Face quality can be conveniently assessed beforehand by recent deep learning based methods. SER-FIQ [17] obtains the face quality by measuring the embedding variations generated from random sub-networks of the face recognition model. A deep tiny network [13] is also proposed to learn a face quality prediction function that is recognition-oriented. Meanwhile, face quality can be explicitly given along with the identity feature by face recognition network. MagFace [12] introduces an adaptive mechanism to learn a universal feature embedding with magnitude measuring the face quality. EQFace [9] outputs face quality and identity feature at the same time by adding a quality network branch to the baseline network of face recognition. Such methods make our work more efficient in gathering input data.

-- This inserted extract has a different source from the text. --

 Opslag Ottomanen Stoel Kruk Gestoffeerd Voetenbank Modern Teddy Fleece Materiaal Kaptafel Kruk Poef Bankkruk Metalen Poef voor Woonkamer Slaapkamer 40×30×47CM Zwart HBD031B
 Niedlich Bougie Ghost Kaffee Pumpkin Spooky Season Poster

The proposed FC-Q algorithm incorporates the face quality into its two main modules, i.e., the linkage prediction module and the label propagation module. In the linkage prediction module, the algorithm adopts the framework of Transformer encoder [18]. It is specially modified to fit the general clustering circumstance. One relevancy prior is designed according to the quality score relationship among nodes in neighborhood. The prior helps the self-attention mechanism of Transformer encoder better infer the linkage likelihood between node pairs. In the label propagation module, the algorithm utilizes the face quality to recalibrate the abnormal linkage likelihood based on the local quality information. The linkage with one node having inconsistent quality score with its neighbors will be suspected of being unreliable, and its likelihood will be suppressed if the two pair nodes have a large gap with respect to their local quality information. Finally, our proposed algorithm transitively merges face nodes according to the refined linkage likelihood, and obtains the clusters.

To summarize, the main contributions of this work are as follows:

A face clustering algorithm named FC-Q is proposed with the face quality as extra input. Compared with the state-of-the-arts, this algorithm deals with the more general circumstance that the face nodes are not all guaranteed in good quality.
The proposed FC-Q algorithm modifies the Transformer encoder and designs the relevancy prior with face quality to infer more reliable linkage likelihood between similar pairs in feature subspace.
The proposed FC-Q algorithm utilizes the local quality information of each node to further suppress the pairing with abnormal high linkage likelihood.
The proposed FC-Q algorithm specifically conducts face clustering experiments on IJB-C dataset with low face quality and achieves $91.7\%$ pairwise F-score on partial IJB-C, which provides a strong baseline for low-quality face clustering.

2 Methodology

In this section, we introduce the details of the proposed FC-Q algorithm, which includes the specific linkage prediction module and label propagation module. Figure 2 shows the flowchart.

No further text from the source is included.